● **TASK GOAL**: Could you transcribe every record below exactly as written, leaving out any pictures?

● **AVAILABLE DATA**:
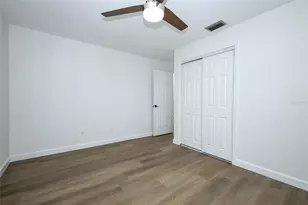 110 Mockingbird Ln, Winter Springs, FL 32708 - Photo 21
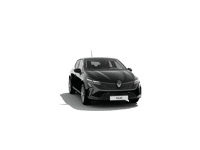 Renault Clio Evolution E-TECH full hybrid 145 - Afbeelding 6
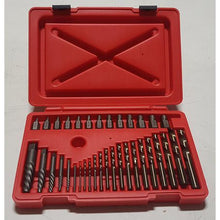 Load image into Gallery viewer, EXTRACTOR SET  35PCS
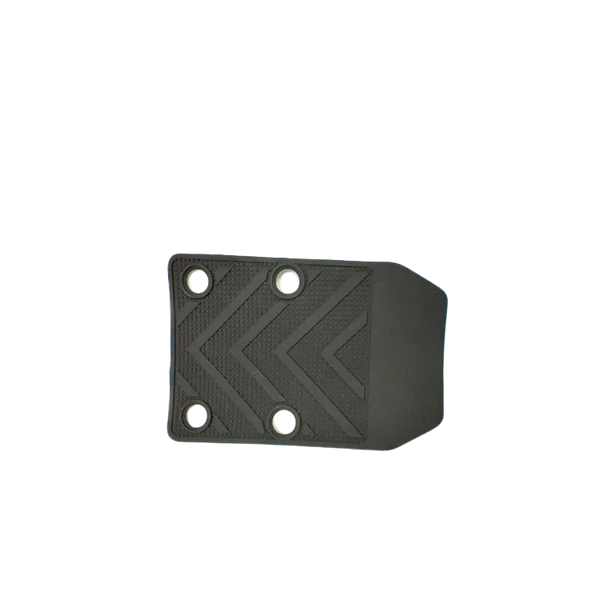 G2 Ultra Stražnja footrest Podloga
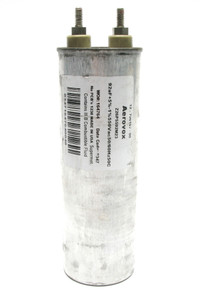 92 uF 550 Volt AC 50/60Hz Capacitor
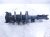 2024 Hyundai Sonata Front Driver Strut Absorber + Spring 54650 L1705 Replacement 2024 Hyundai Sonata Front Driver Strut Absorber + Spring 54650 L1705 Replacement thumbnail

● **REPLY**:
 110 Mockingbird Ln, Winter Springs, FL 32708 - Photo 21
 Renault Clio Evolution E-TECH full hybrid 145 - Afbeelding 6
 Load image into Gallery viewer, EXTRACTOR SET  35PCS
 G2 Ultra Stražnja footrest Podloga
 92 uF 550 Volt AC 50/60Hz Capacitor
 2024 Hyundai Sonata Front Driver Strut Absorber + Spring 54650 L1705 Replacement 2024 Hyundai Sonata Front Driver Strut Absorber + Spring 54650 L1705 Replacement thumbnail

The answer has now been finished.